Start of Information supplied
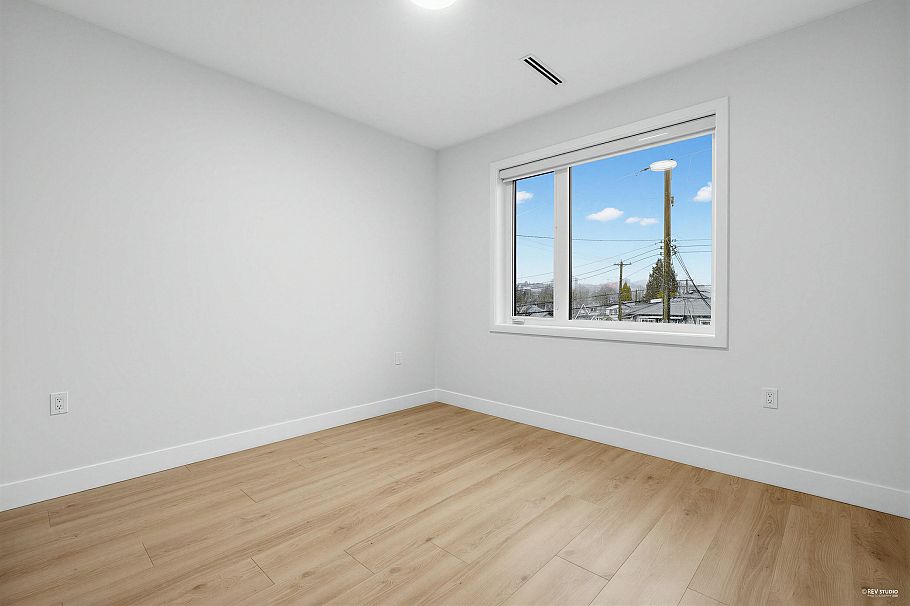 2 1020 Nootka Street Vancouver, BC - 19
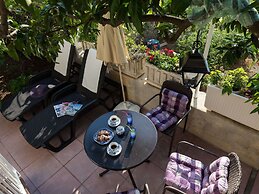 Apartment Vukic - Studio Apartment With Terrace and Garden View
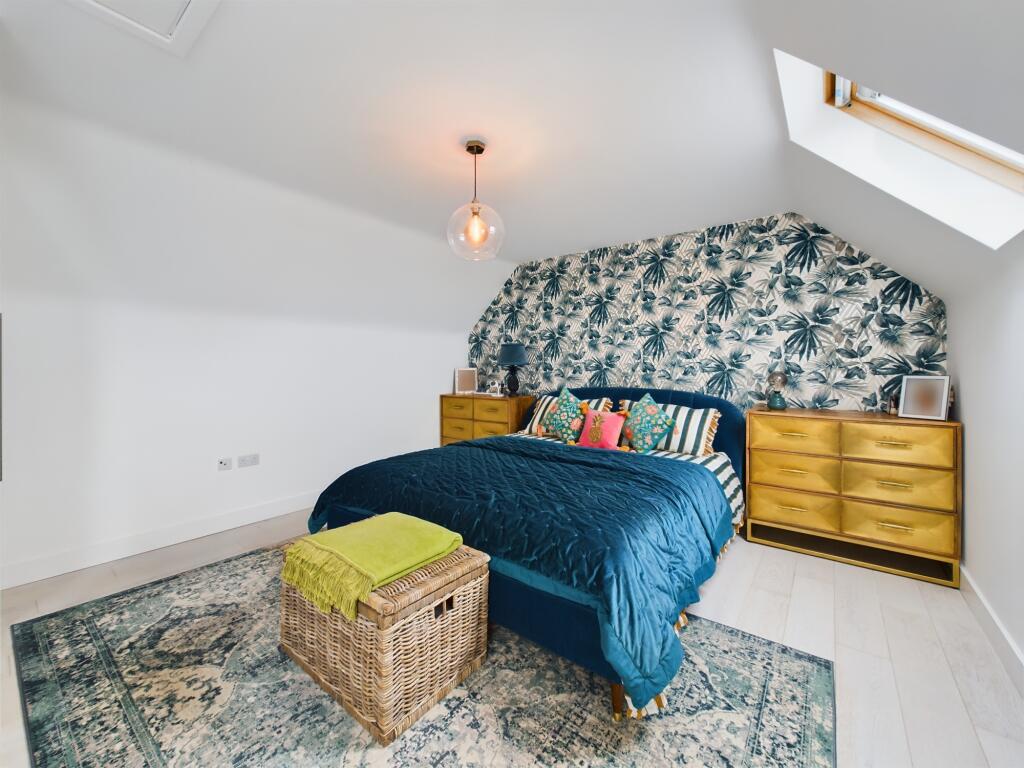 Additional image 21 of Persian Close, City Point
End of Information supplied
Exercise goal: Return nothing except the lines from the one containing "Apartment Vukic - Studio" through the final line of the data, copied exactly. Leave out all pictures.

Answer box:
 Apartment Vukic - Studio Apartment With Terrace and Garden View
 Additional image 21 of Persian Close, City Point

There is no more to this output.